Available data:
┏━━

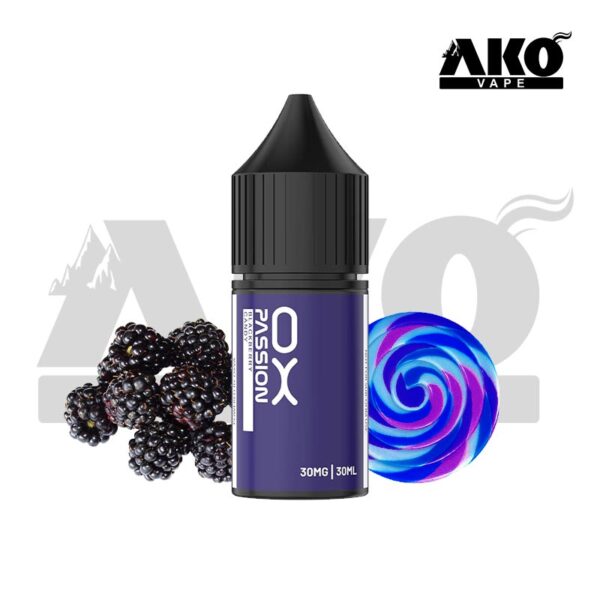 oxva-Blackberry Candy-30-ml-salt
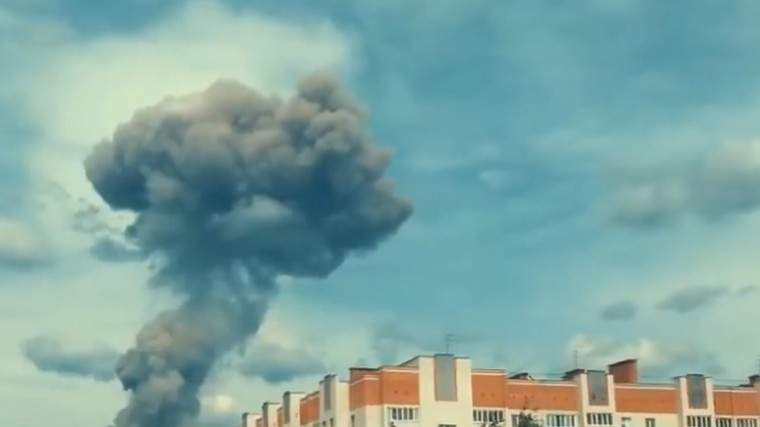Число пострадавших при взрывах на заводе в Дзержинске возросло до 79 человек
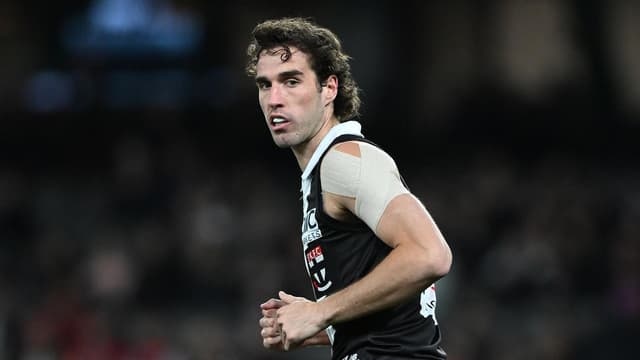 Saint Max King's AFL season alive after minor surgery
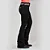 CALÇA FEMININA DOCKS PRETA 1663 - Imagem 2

┗━━
┏━━

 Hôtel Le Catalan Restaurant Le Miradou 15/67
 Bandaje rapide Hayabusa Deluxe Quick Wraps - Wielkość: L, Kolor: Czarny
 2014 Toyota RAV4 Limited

┗━━
┏━━

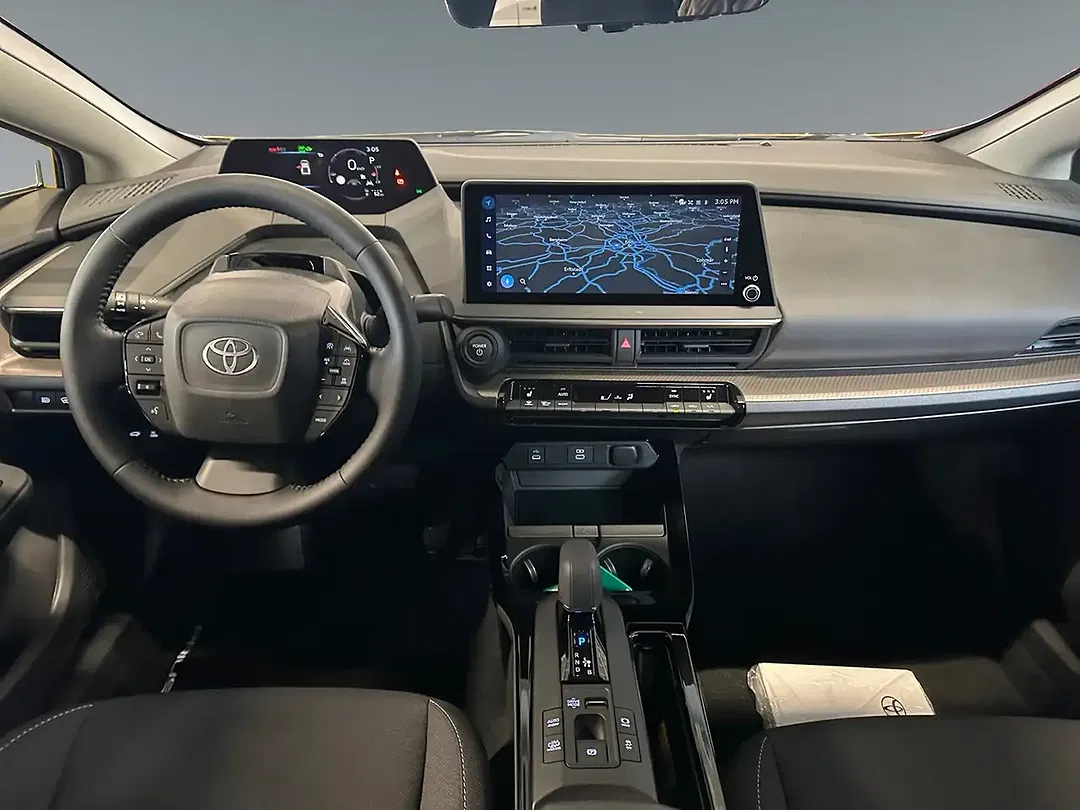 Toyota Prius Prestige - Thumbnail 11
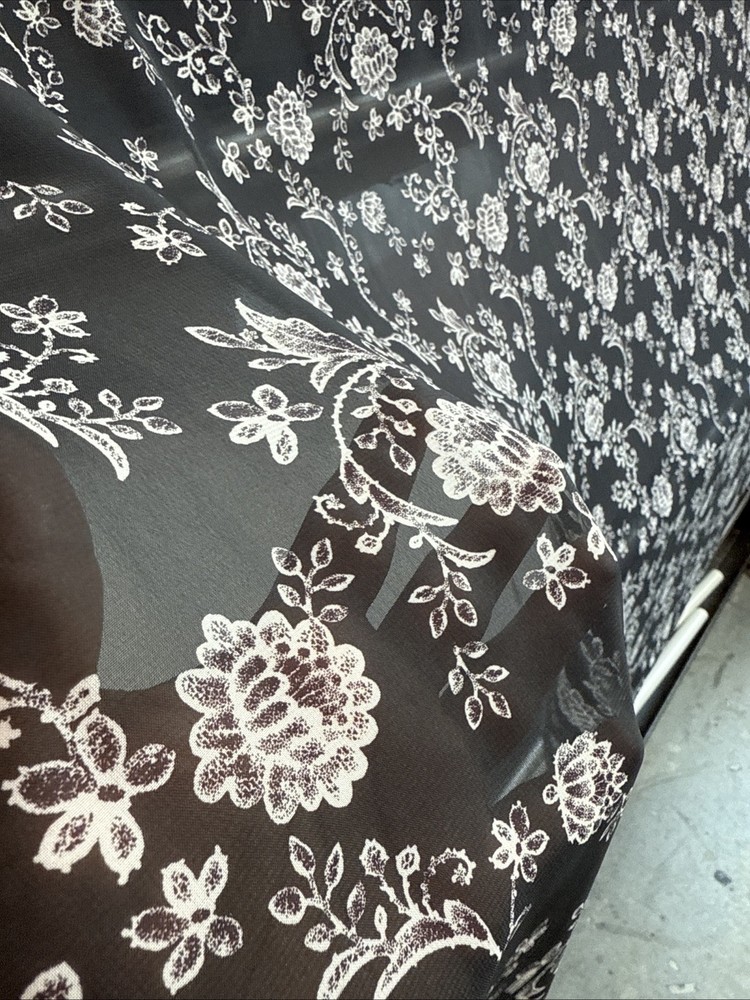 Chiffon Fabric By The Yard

┗━━

Try it: In the listing above, find the line containing "oxva-Blackberry Candy-30-ml-salt" and the line containing "CALÇA FEMININA DOCKS PRETA 1663 - Imagem 2", then print exactly those two lines and every line between them, minus the pictures.

Solution for this exercise:
 oxva-Blackberry Candy-30-ml-salt
Число пострадавших при взрывах на заводе в Дзержинске возросло до 79 человек
 Saint Max King's AFL season alive after minor surgery
 CALÇA FEMININA DOCKS PRETA 1663 - Imagem 2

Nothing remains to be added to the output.